DATASET:
------------------------------
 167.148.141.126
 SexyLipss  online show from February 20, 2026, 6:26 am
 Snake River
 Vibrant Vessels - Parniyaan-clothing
------------------------------
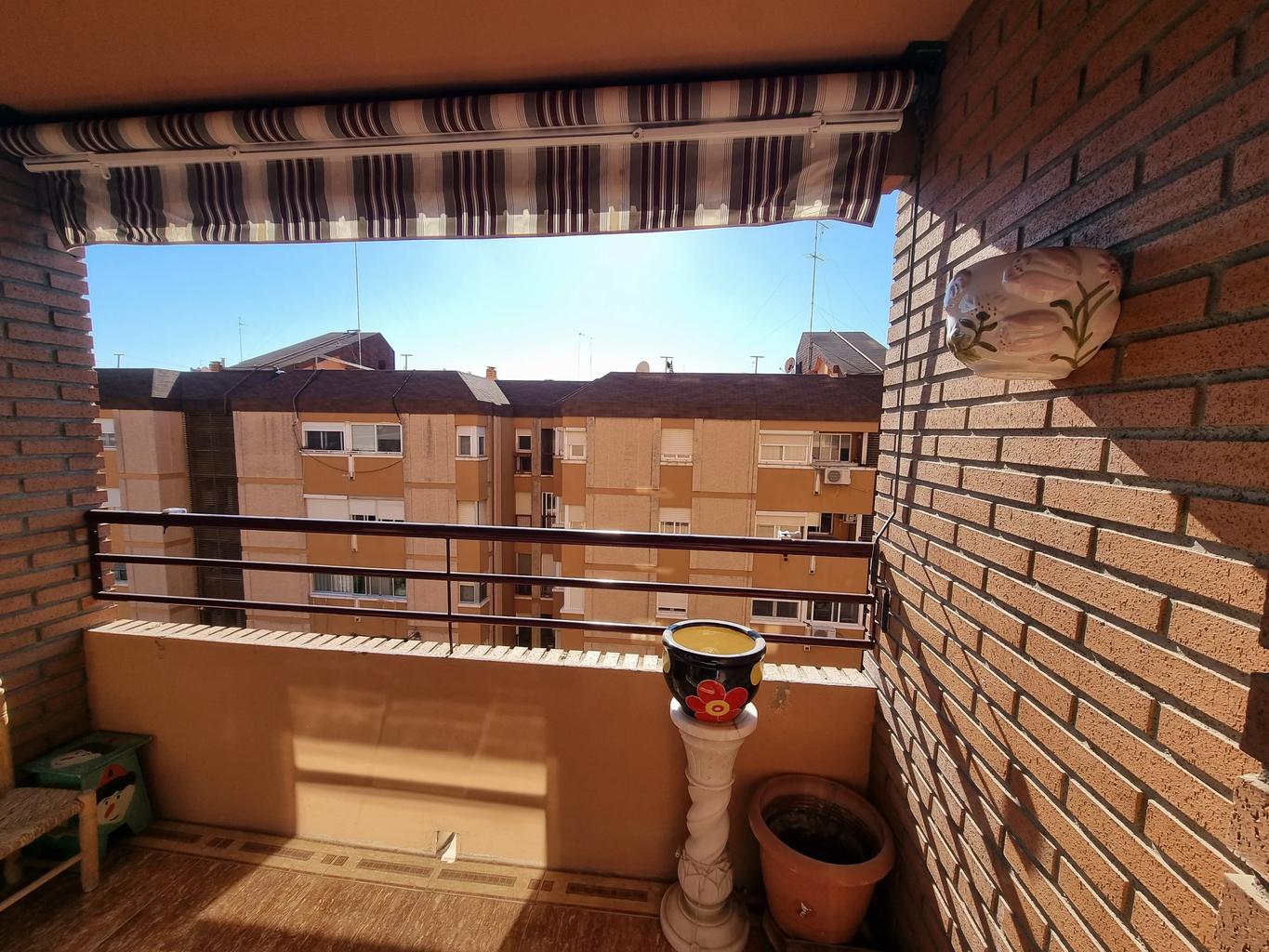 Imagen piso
------------------------------
PROBLEM STATEMENT: Beginning at the line with "167.148.141.126" and stopping after the line with "Vibrant Vessels - Parniyaan-clothing", please write out every line of the data above exactly and nothing else.

ANSWER TO THE PROBLEM:
 167.148.141.126
 SexyLipss  online show from February 20, 2026, 6:26 am
 Snake River
 Vibrant Vessels - Parniyaan-clothing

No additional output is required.